Une édition électronique réalisée à partir de l'article de Denis Monière, “Une lecture politologique des NORMES de Maurice Séguin.” Un article publié dans l'ouvrage sous la direction de Robert Comeau et Josiane Lavallée, L'historien Maurice Séguiin. Théoricien de l'indépendance et penseur de la modernité québécoise, pp. 106-113. Montréal: Les Éditions Septentrion, 1999, 187 pp. [Autorisation formelle accordée par l'auteur le 8 juin 2004]

[106]

Une lecture politologique
des
Normes de Maurice Séguin.”

Denis Monière
Politologue, Université de Montréal



Une nation a le droit que lui confère sa force [1].

                        Maurice Séguin


Lorsqu'on a sollicité ma participation pour présenter un texte sur l'héritage de Maurice Séguin, j'ai été étonné et saisi de perplexité car je ne suis pas historien de formation et je ne me perçois pas comme un héritier. J'ai dans un lointain passé osé labourer le champ de l'histoire avec les outils conceptuels de la science politique pour expliquer le développement des idéologies au Québec et les trajectoires du nationalisme. Même si je ne me sentais pas étranger aux positions de l'École de Montréal, je ne pouvais prétendre à une filiation, car je n'avais ni connu, ni fréquenté les œuvres de Séguin.

À l'époque où j'ai construit ma réflexion sur les idéologies au Québec, je n'avais pas suivi ses cours, ni lu ses normes puisqu'elles n'avaient pas encore été publiées. En fait, le seul texte auquel j'avais eu accès était « L'idée d'indépendance au Québec », mince opuscule regroupant trois conférences prononcées à la radio de Radio-Canada en 1962 et publiées par Boréal Express en 1968. Comme mon propre parcours intellectuel m'avait éloigné de Montréal et des cercles nationalistes, ayant fait mes études à Ottawa où régnait Fernand Ouellet et ayant fait par la suite mon doctorat à Paris sur la théorie systémique, je ne pouvais pas avoir été contaminé par les enseignements de ce maître à penser du néonationalisme. Et pourtant mes travaux allaient dans le même sens que ceux du courant intellectuel qu’il a inspiré, comme je le découvrirai plus tard, en lisant ses œuvres complètes publiées par Guérin Éditeur. Si je partageais les schémas interprétatifs de Séguin, cela s'expliquait beaucoup [107] plus par la fréquentation d'auteurs qui l'avaient connu et avaient reçu ses enseignements comme, Michel Brunet et surtout Gilles Bourque. Si j'avais été influencé par Séguin cela s'était produit par effet de percolation intellectuelle.
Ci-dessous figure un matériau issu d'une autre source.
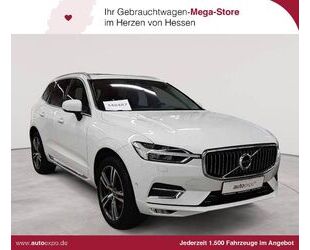 Volvo Volvo XC60 B5 D AWD Inscription PANO AHK LEDER Gebrauchtwagen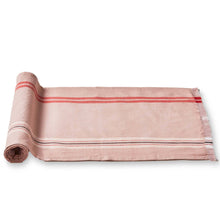 Load image into Gallery viewer, Tag Lavender &amp; Honey Stripe Runner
Cette présentation m’amène donc à réfléchir au cheminement de l'influence intellectuelle et au processus de transmission des savoirs entre les générations. Ma propre démarche analytique montre que l'influence intellectuelle suit des chemins tortueux et qu’il n’est pas nécessaire de fréquenter directement une œuvre pour se retrouver sur la même longueur d'onde que son auteur. Deux interprétations peuvent converger si elles appliquent le même mode de raisonnement à un objet de recherche. Ce processus d'intersubjectivité est inhérent à la logique de la découverte scientifique. Ainsi, deux chercheurs qui appliquent la même procédure de recherche au même objet doivent en principe aboutir aux mêmes conclusions. C'est en ce sens que je me reconnais en filiation avec Séguin même si je ne partage pas toutes ses thèses.
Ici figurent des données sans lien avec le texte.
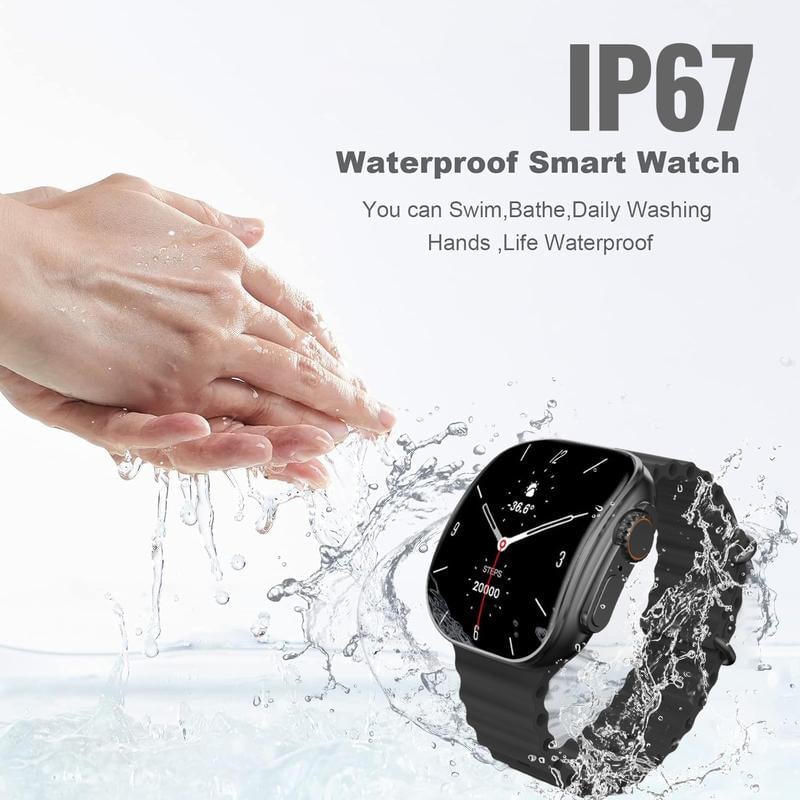 Kalsten | 2025 New Multifunctional Men Women's Smartwatch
Il a proposé une interprétation synthétique et globale de la société québécoise qui intègre les diverses composantes de la vie collective. Même s'il n'en était peut-être pas conscient lui-même, sa théorisation s'inscrit dans le courant de l'analyse systémique qui a dominé les sciences sociales dans les années 1950 et 1960. La sociologie avec Parsons et la science politique avec Easton tentaient de systématiser dans une grille conceptuelle tous les facteurs qui contribuaient au développement des sociétés. Séguin lui aussi vise la construction d'une théorie générale qui soit applicable à travers le temps et l'espace. Il pense l'histoire comme un jeu de forces qui interagissent les unes sur les autres. Il n'emploie pas le concept de système mais plutôt ceux de forces ou de facteurs. On peut toutefois déplorer qu’il ait trop simplifié, comparativement à ses collègues sociologues, la configuration de la réalité sociale qu’il réduit à trois variables essentielles : soit l'économique, le politique et le culturel. Curieusement, il évacue le social comme champs significatif du réel. C'est à mon avis une des faiblesses de son modèle qui fait peu de place aux acteurs sociaux. J'y reviendrai plus loin.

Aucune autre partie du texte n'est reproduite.